#### Work task
Wherever a line of the records contains "Used", copy that line.

#### Records for processing
★ ★ ★

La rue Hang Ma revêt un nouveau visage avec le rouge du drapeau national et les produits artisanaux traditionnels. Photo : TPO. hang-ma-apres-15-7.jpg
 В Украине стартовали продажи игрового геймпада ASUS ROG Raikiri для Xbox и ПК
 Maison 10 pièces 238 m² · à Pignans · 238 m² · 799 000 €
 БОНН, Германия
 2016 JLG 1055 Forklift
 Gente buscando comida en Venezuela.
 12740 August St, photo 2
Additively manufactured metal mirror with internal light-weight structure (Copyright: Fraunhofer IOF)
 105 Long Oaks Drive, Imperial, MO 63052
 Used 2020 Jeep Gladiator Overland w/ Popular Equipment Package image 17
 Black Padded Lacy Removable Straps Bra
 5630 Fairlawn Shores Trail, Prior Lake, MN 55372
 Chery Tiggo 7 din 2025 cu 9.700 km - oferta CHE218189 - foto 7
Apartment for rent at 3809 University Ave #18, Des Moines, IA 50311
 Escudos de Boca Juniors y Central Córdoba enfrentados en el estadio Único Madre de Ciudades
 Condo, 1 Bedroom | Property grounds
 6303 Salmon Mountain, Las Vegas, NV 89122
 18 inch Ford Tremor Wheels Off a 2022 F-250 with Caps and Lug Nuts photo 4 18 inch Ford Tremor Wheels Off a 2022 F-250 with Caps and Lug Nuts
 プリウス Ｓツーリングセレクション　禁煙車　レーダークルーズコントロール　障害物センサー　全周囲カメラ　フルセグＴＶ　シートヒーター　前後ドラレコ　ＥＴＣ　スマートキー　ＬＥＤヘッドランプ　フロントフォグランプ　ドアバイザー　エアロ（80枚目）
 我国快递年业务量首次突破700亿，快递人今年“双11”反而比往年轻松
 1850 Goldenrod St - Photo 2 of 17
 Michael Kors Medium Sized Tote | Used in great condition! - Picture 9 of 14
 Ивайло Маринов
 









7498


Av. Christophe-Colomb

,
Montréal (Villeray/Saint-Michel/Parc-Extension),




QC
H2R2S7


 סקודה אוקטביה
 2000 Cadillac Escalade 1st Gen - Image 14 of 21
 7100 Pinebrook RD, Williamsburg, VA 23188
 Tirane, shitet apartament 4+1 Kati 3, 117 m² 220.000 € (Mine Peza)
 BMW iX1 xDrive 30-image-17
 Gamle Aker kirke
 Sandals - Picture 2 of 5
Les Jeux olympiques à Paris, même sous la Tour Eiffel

★ ★ ★

#### Completed task
 Used 2020 Jeep Gladiator Overland w/ Popular Equipment Package image 17
 Michael Kors Medium Sized Tote | Used in great condition! - Picture 9 of 14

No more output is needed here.